» Exercise objective:
Copy the data exactly as it appears, and do not include any pictures.

» The data:
********

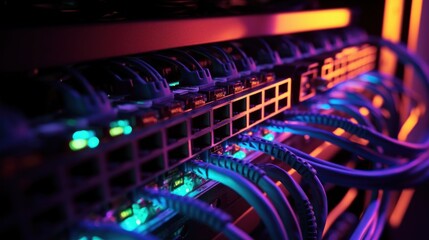 Fototapeta premium Network Switch with Cables Closeup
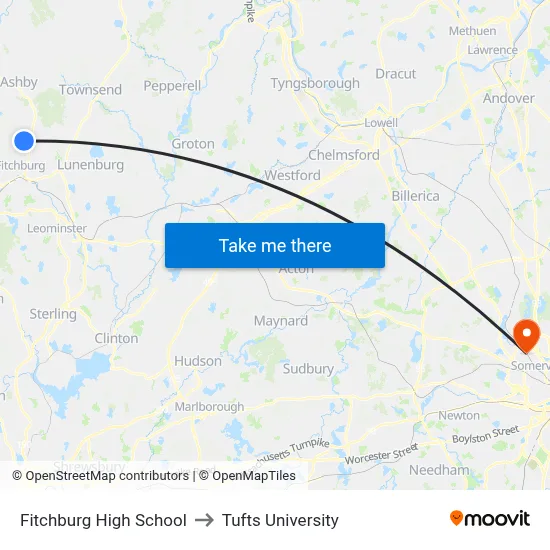 Fitchburg High School to Tufts University map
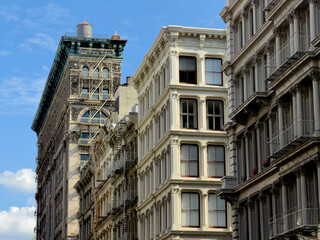 Cast iron buildings in SoHo New York City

********

» Response to this exercise:
 Fototapeta premium Network Switch with Cables Closeup
 Fitchburg High School to Tufts University map
 Cast iron buildings in SoHo New York City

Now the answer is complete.